En effet, à la faveur de cette allocution qui a assurément valeur d'un véritable discours-programme de la nouvelle mandature, le premier des députés, usant de la fameuse « allégorie des deux télécommandes » ayant malheureusement présidé aux dernières joutes électorales à l'Assemblée nationale, n'a point fait mystère des priorités formellement inscrites à son agenda; priorités au nombre desquelles figure, en bonne place, une réforme du système partisan, en général, et du financement des partis politiques, en particulier.

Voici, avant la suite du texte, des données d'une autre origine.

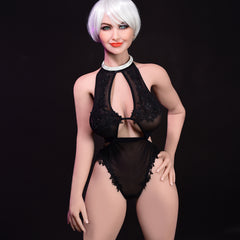 155cm Short Hair Girl Life-Size Big Boobs Sex Doll 6YE Doll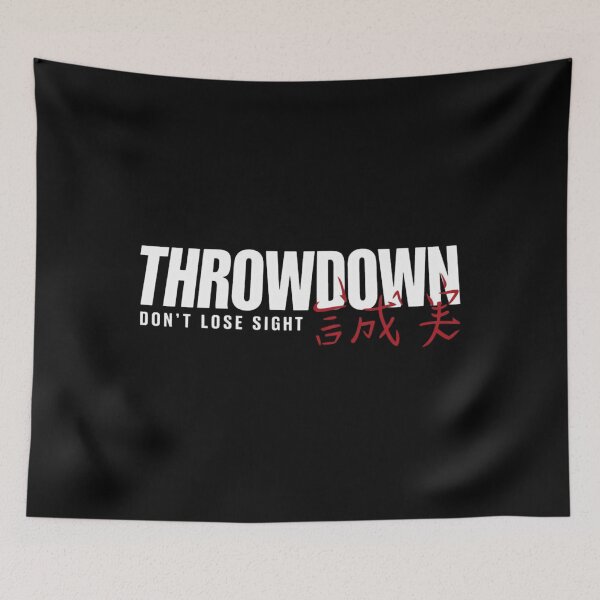 Item preview, Throwdown - Don't Lose Sight designed and sold by AmeristraliaDs.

S'inscrivant dans la même logique mais sur un autre registre, la récente Université de vacances du PRD (Parti du renouveau démocratique) édition 2015 a, quant à elle, mis un point d'honneur à débattre, de fond en comble, de cette thématique majeure et d'une brûlante actualité, notamment en y consacrant deux (2) communications intitulées respectivement : « Organisation et fonctionnement des partis politiques » et « Financement des partis politiques ».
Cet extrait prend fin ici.